INSTRUCTIONS TO FOLLOW:
Reproduce the listing below in full and exactly; no pictures belong in the copy.

****

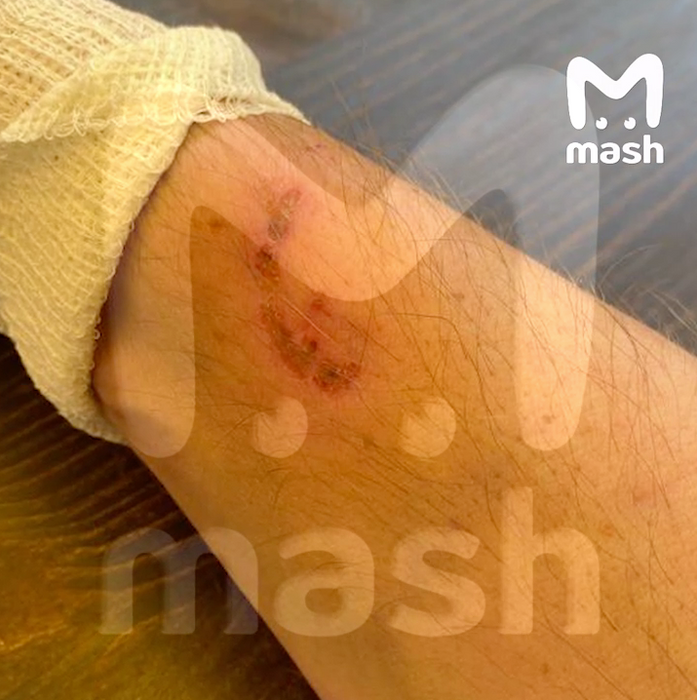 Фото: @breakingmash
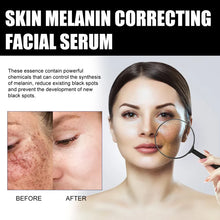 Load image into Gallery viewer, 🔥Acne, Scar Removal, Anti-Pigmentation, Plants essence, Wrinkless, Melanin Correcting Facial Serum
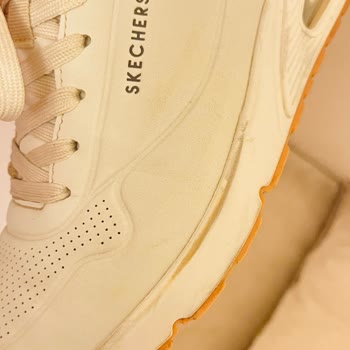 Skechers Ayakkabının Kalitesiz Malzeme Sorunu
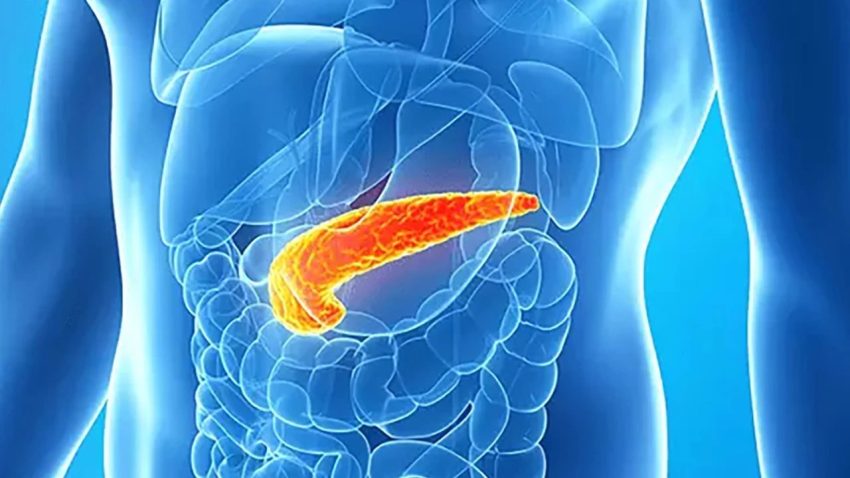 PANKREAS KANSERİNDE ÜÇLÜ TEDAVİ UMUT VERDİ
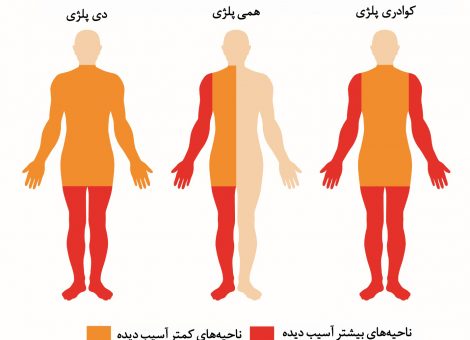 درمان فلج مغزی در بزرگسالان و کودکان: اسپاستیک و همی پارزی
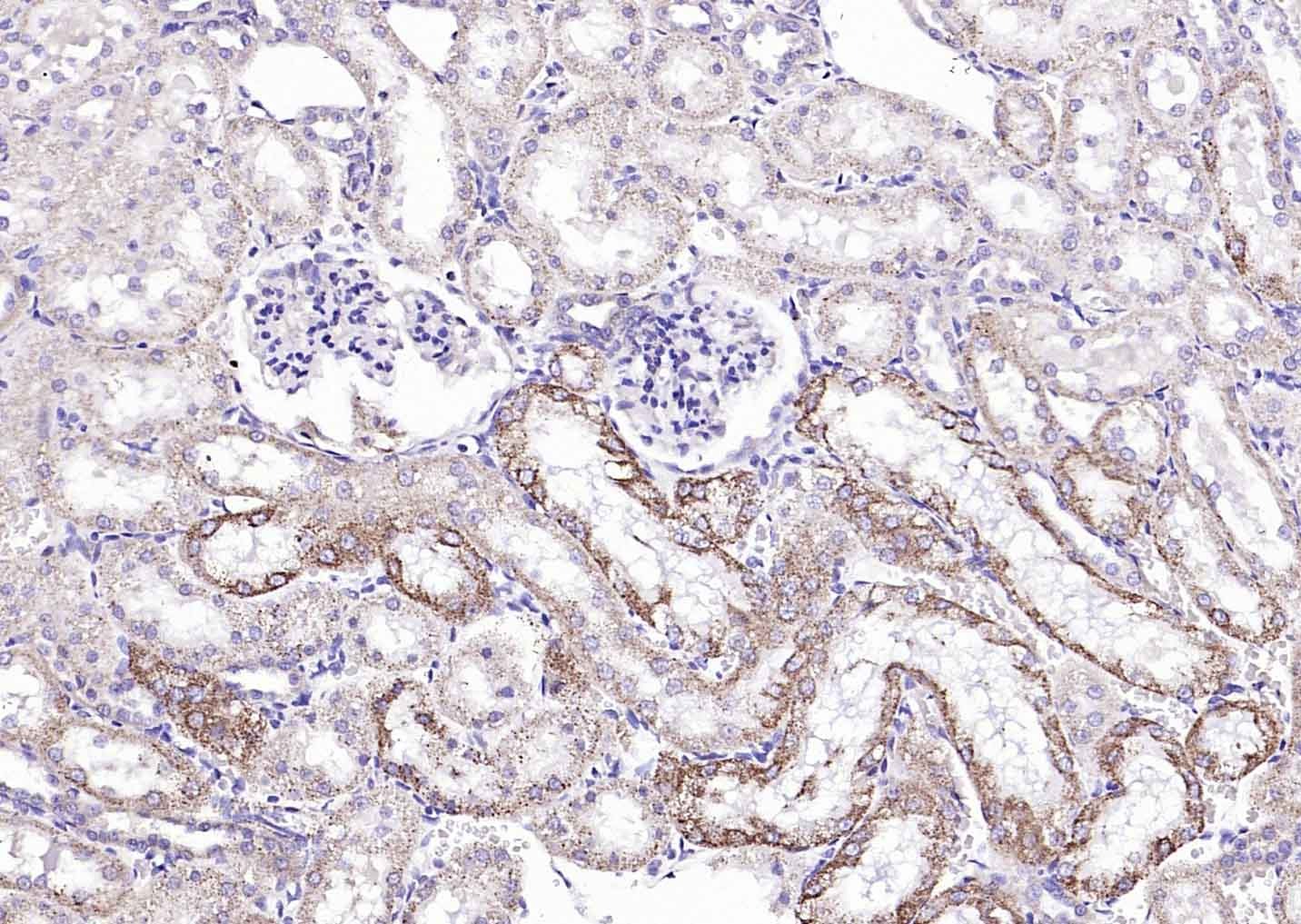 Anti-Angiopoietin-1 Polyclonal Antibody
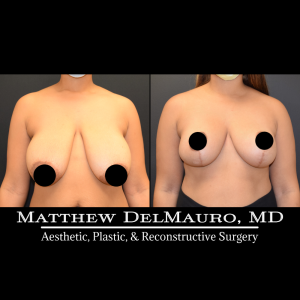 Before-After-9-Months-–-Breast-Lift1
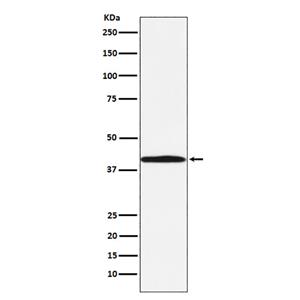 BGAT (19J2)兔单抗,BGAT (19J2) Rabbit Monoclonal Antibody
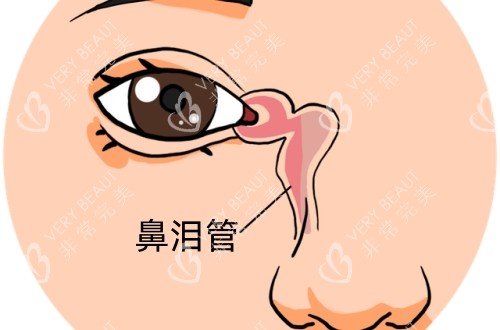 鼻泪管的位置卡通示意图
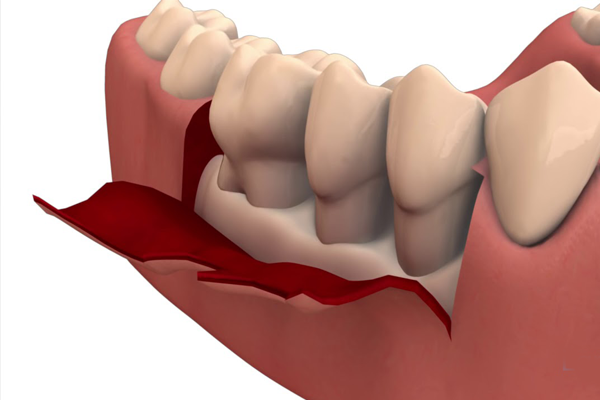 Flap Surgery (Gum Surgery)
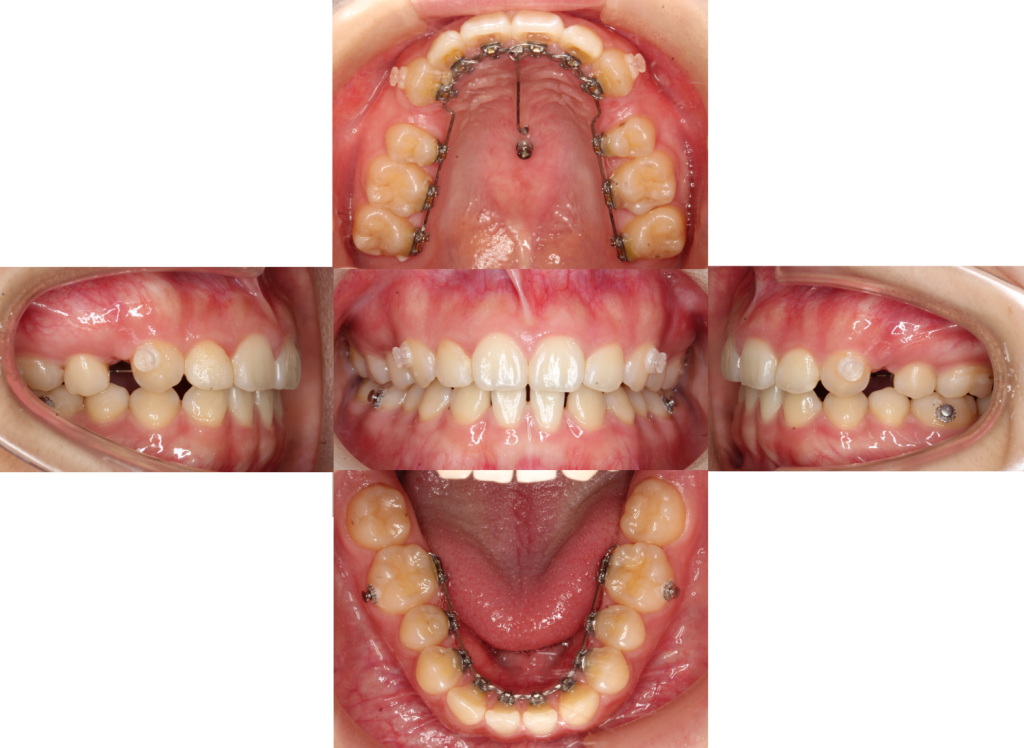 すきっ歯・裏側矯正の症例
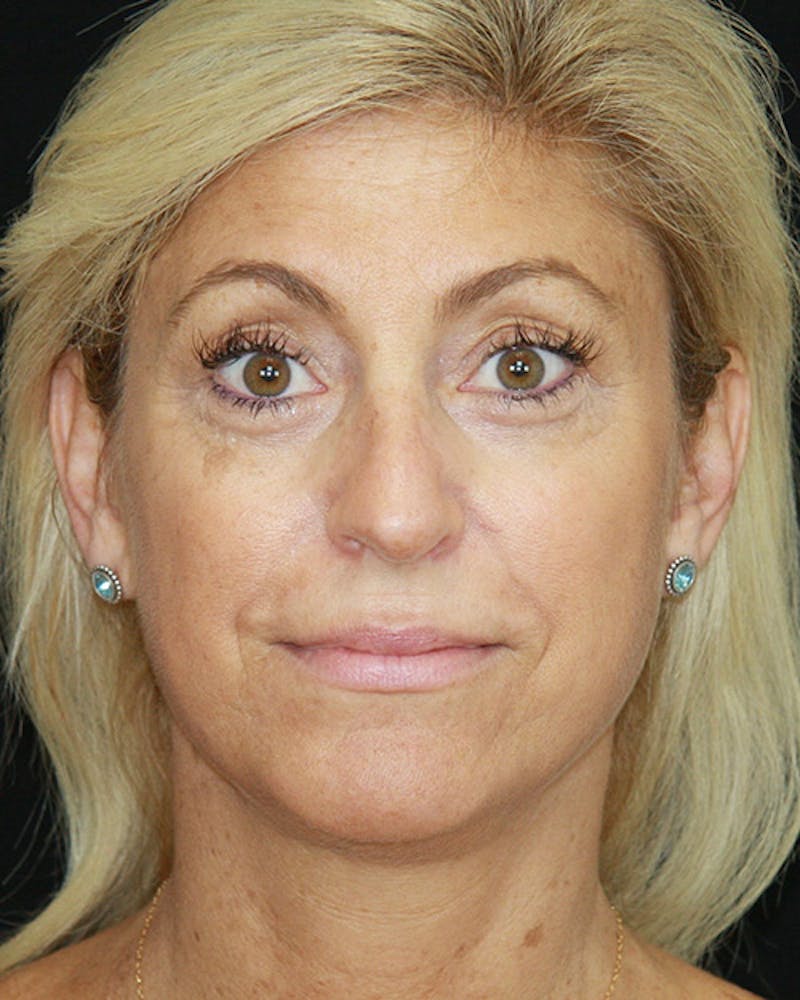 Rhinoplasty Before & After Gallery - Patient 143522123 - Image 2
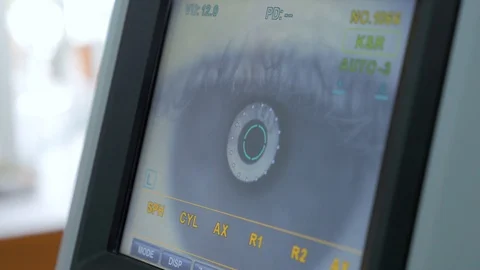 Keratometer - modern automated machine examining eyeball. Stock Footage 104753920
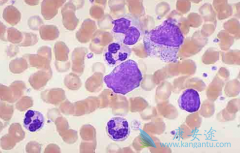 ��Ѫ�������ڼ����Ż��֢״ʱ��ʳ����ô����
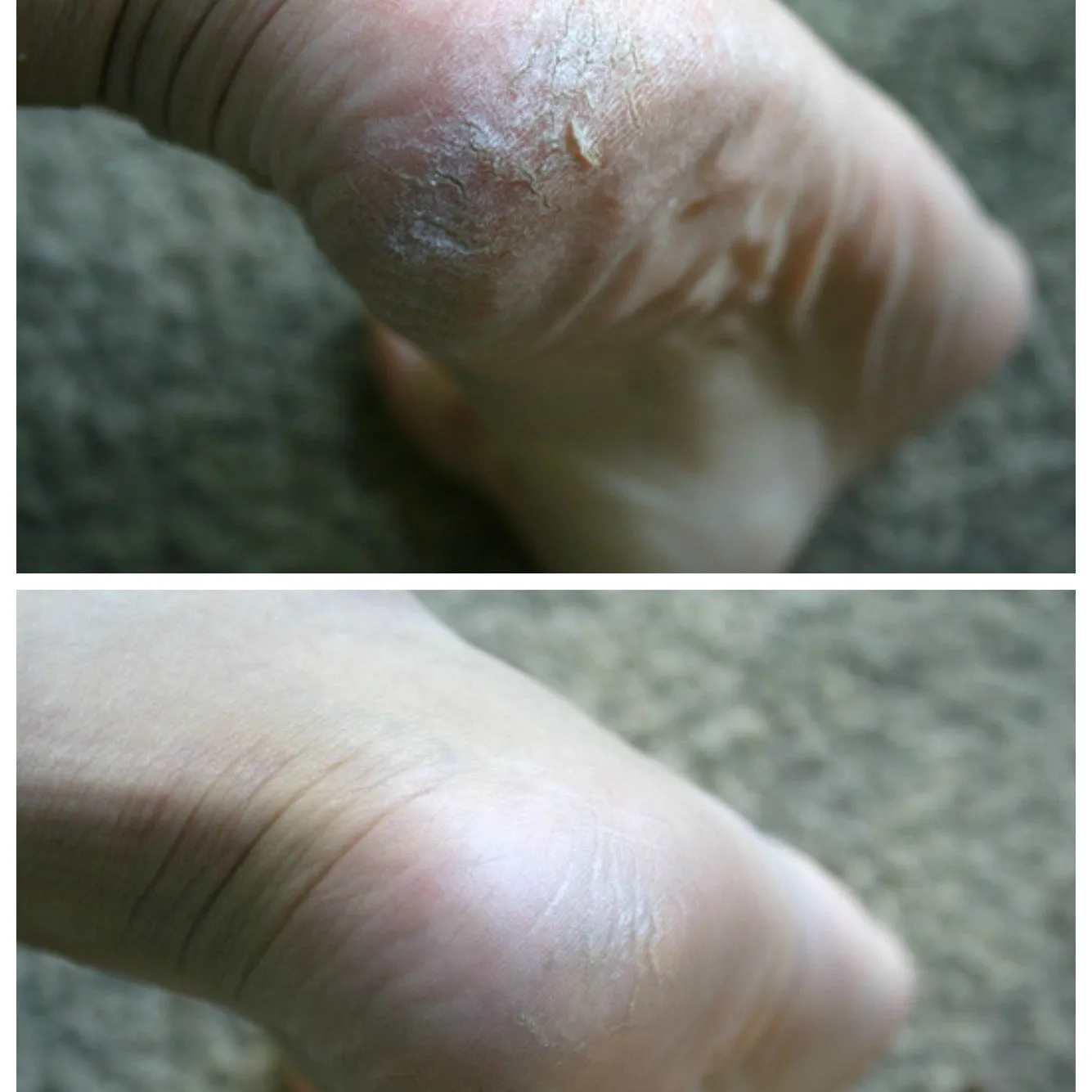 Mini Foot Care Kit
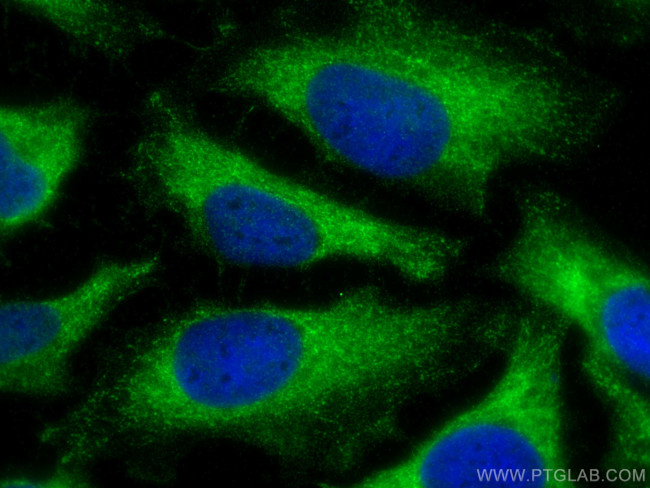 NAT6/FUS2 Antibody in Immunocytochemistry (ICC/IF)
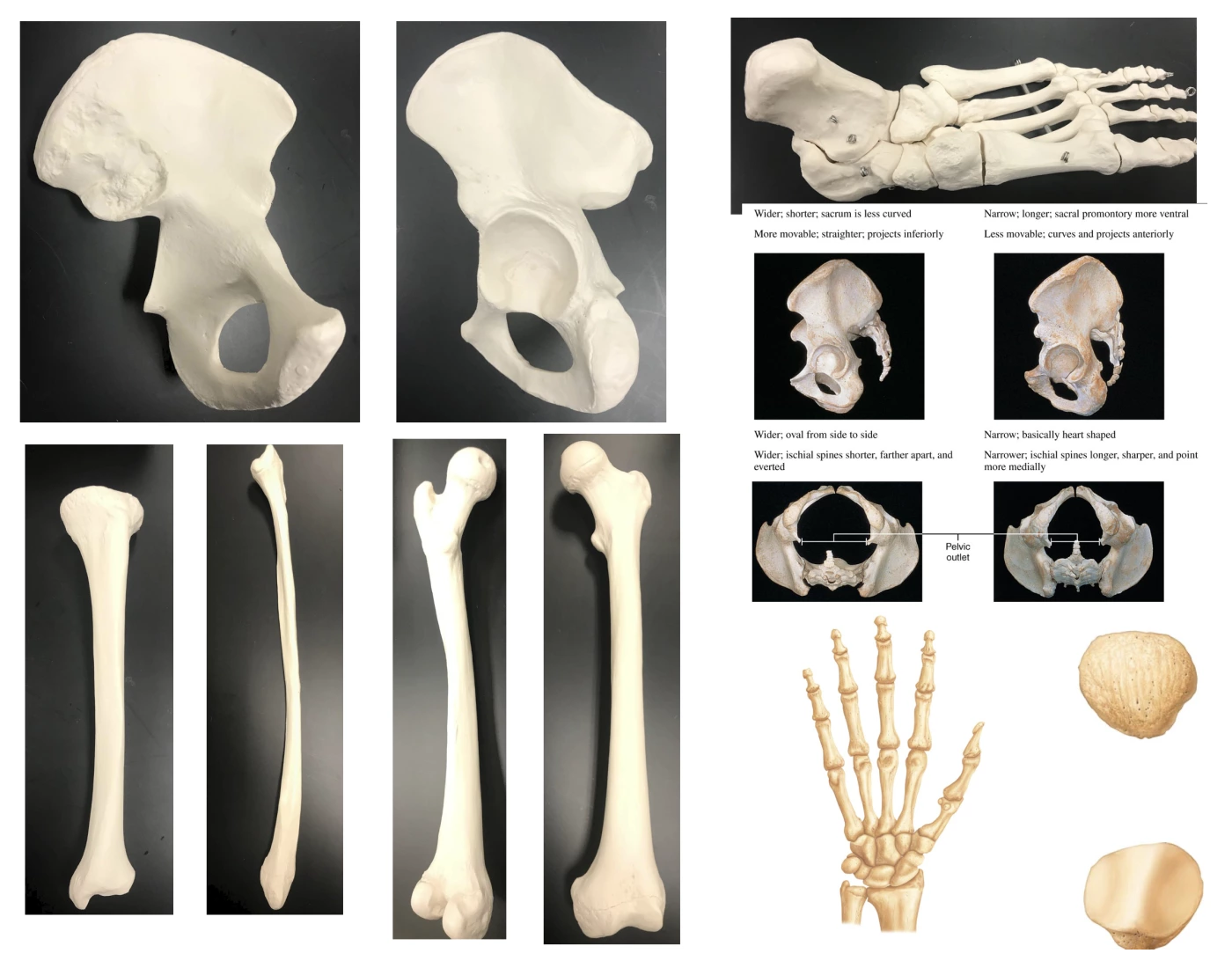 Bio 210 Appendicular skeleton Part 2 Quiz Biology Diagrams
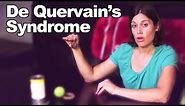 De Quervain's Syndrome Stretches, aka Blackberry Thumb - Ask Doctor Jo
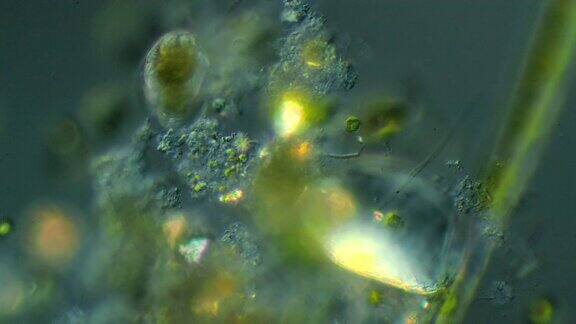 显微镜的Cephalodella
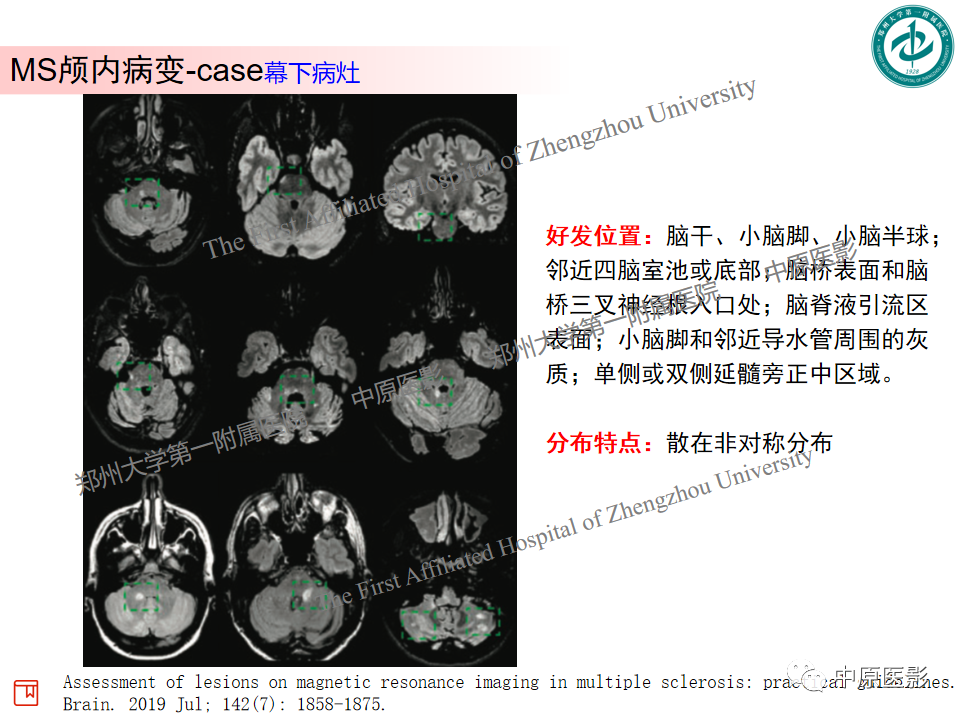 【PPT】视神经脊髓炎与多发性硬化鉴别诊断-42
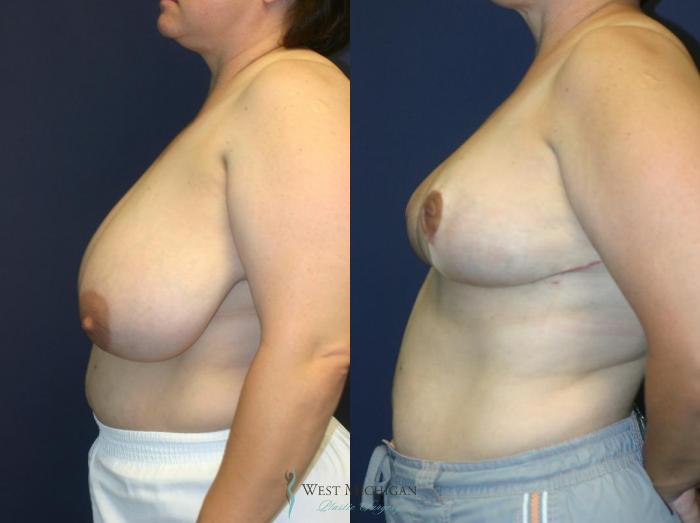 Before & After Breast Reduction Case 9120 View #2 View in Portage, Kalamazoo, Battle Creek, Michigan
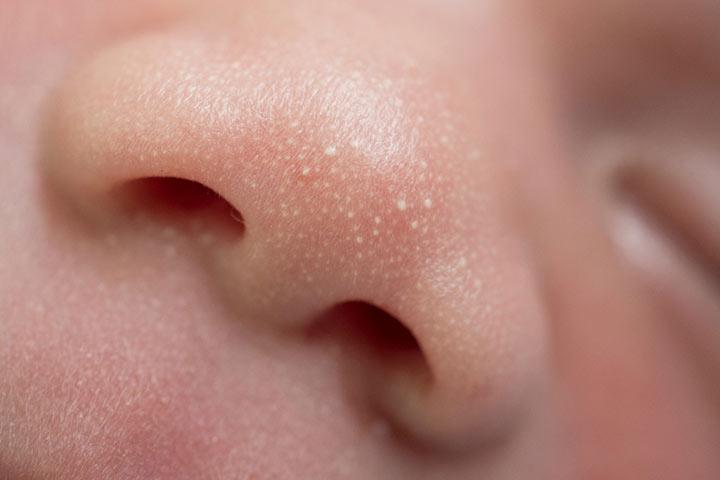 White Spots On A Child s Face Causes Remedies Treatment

****

RESPONSE BOX:
 Фото: @breakingmash
 Load image into Gallery viewer, 🔥Acne, Scar Removal, Anti-Pigmentation, Plants essence, Wrinkless, Melanin Correcting Facial Serum
 Skechers Ayakkabının Kalitesiz Malzeme Sorunu
 PANKREAS KANSERİNDE ÜÇLÜ TEDAVİ UMUT VERDİ
 درمان فلج مغزی در بزرگسالان و کودکان: اسپاستیک و همی پارزی
 Anti-Angiopoietin-1 Polyclonal Antibody
 Before-After-9-Months-–-Breast-Lift1
 BGAT (19J2)兔单抗,BGAT (19J2) Rabbit Monoclonal Antibody
 鼻泪管的位置卡通示意图
 Flap Surgery (Gum Surgery)
 すきっ歯・裏側矯正の症例
 Rhinoplasty Before & After Gallery - Patient 143522123 - Image 2
 Keratometer - modern automated machine examining eyeball. Stock Footage 104753920
 ��Ѫ�������ڼ����Ż��֢״ʱ��ʳ����ô����
 Mini Foot Care Kit
 NAT6/FUS2 Antibody in Immunocytochemistry (ICC/IF)
 Bio 210 Appendicular skeleton Part 2 Quiz Biology Diagrams
 De Quervain's Syndrome Stretches, aka Blackberry Thumb - Ask Doctor Jo
 显微镜的Cephalodella
 【PPT】视神经脊髓炎与多发性硬化鉴别诊断-42
 Before & After Breast Reduction Case 9120 View #2 View in Portage, Kalamazoo, Battle Creek, Michigan
 White Spots On A Child s Face Causes Remedies Treatment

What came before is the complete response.